An Acceptable Dictator
Saturday, October 4th, 2008I adore the term acceptable dictator. Every time I hear it, or the term friendly dictator, it’s as if the voice of Henry Kissinger is saying it in my head – who knows a thing or two about friendly dictators. Then again, the fact that that happens is somewhat creepy.
But I’m jumping the gun. First, a little back story…
Though little known, or reported, Afghanistan’s Hamid Karzai, after his falling out with the Taliban, spent much of his energies on the reinstatement of Zahir Shah while in self imposed exile in Pakistan. This, of course, is the very same man that was later singled out to become the legitimate face of ‘Afghan democracy’ – which should be rather telling regarding Karzai’s personal ambitions given the fact that he went from promoting the return of a Monarch to the West’s champion of democratic freedom almost overnight.
Since becoming the President of Afghanistan, Karzai has been labeled the Mayor of Kabul, primarily because the influence of his government extends little further than its outskirts without the existence of foreign occupational forces which, in truth, ensure the continued existence of Afghanistan’s fledgling shake-and-bake democracy.
But with Karzai has come the reality that the West could do better, that a far more pliable leader would be more advantageous to Western objectives – even if that leader were not a democratic one, an assertion recently made by Sir Sherard Cowper-Coles, the British Ambassador.

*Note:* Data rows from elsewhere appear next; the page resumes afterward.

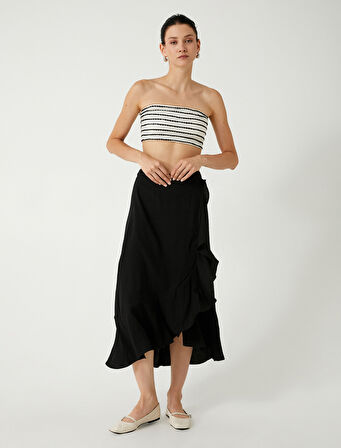 Koton X Melis Ağazat - Kruvaze Midi Boy Etek Asimetrik Fırfırlı Viskon Rahat Kalıp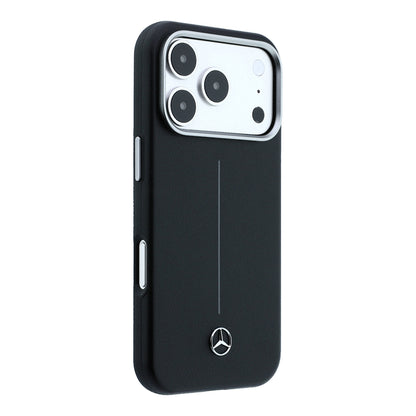 iPhone 17 Pro Max Kılıf Mercedes Benz Orijinal Lisanslı M-safe Şarj Özellikli Metal Yıldız Logolu Çizgili Deri Kılıf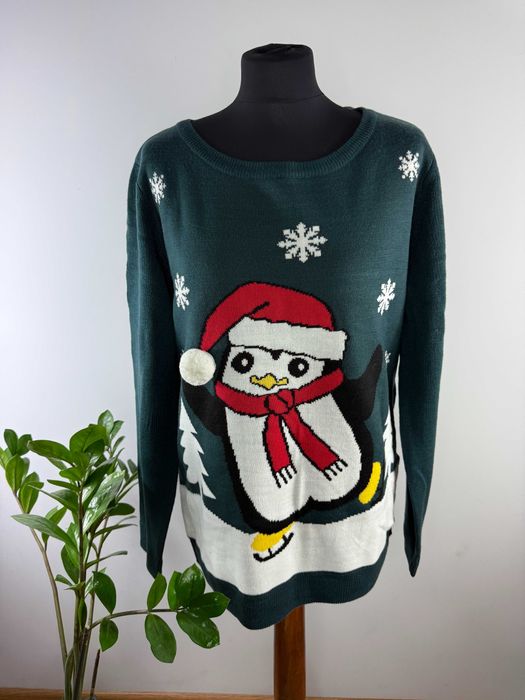 Zielony sweter świąteczny z bałwanem Bonprix rozmiar 40/42, czyli L/XL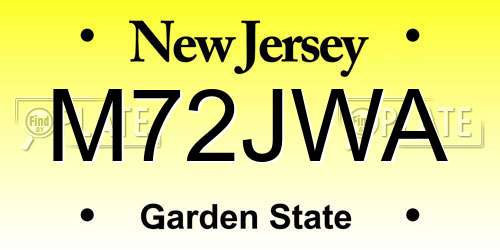 M72JWA New Jersey License Plate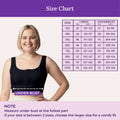 A size chart for a black bodysuit or tank top, showing a smiling woman on the left with an underbust measurement arrow and a size table on the right. The image has a purple header and footer with the text 'Size Chart' and measurement instructions.
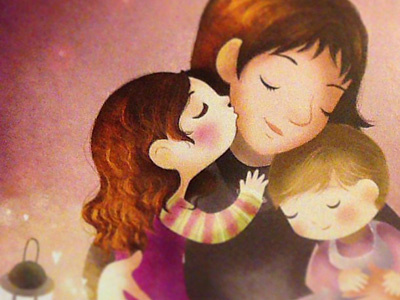 Mother & daughters daughters digital illustration kiss love mother night sweet sweetness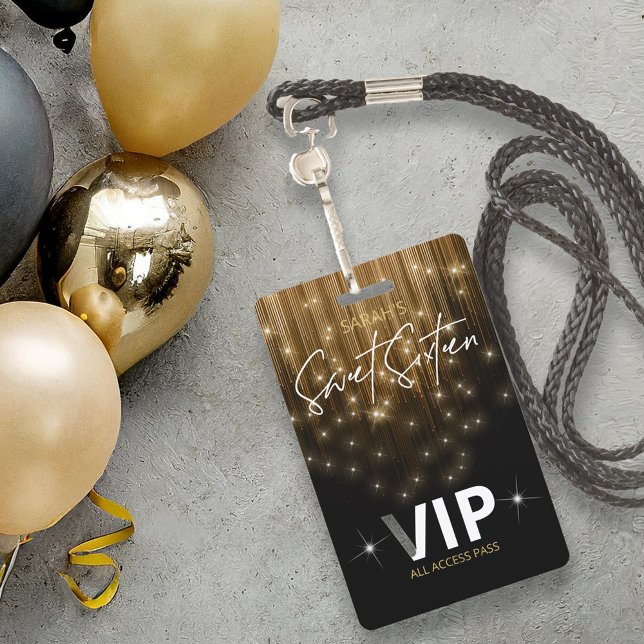 Badge Lumières en cascade Sweet 16 Gold ID790 (Créateur téléchargé)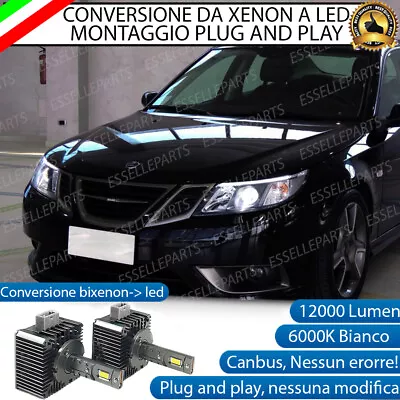 COPPIA LAMPADE D1S LED DA XENON A LED PER SAAB 9-3 II DAL 2008 AL 2013 6000K - Immagine 1 di 4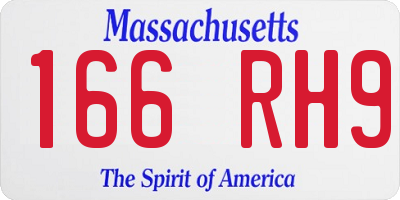 MA license plate 166RH9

From Elaine Sciolino in today’s New York Times…
“A coded French diplomatic cable leaked to a French newspaper quotes the British ambassador in Afghanistan as predicting that the NATO-led military campaign against the Taliban will fail. That was not all. The best solution for the country, the ambassador said, would be installing an “acceptable dictator,” according to the newspaper.
“The current situation is bad, the security situation is getting worse, so is corruption, and the government has lost all trust,” the British envoy, Sherard Cowper-Coles, was quoted as saying by the author of the cable, François Fitou, the French deputy ambassador to Kabul.
The two-page cable — which was sent to the Élysée Palace and the French Foreign Ministry on Sept. 2, and was leaked to the investigative and satirical weekly Le Canard Enchaîné, which printed excerpts in its Wednesday issue — said that the NATO-led military presence was making it harder to stabilize the country.
“The presence of the coalition, in particular its military presence, is part of the problem, not part of its solution,” Sir Sherard was quoted as saying. “Foreign forces are the lifeline of a regime that would rapidly collapse without them. As such, they slow down and complicate a possible emergence from the crisis.”
Within 5 to 10 years, the only “realistic” way to unite Afghanistan would be for it to be “governed by an acceptable dictator,” the cable said, adding, “We should think of preparing our public opinion” for such an outcome.”
There’s Kissinger’s voice in my head again.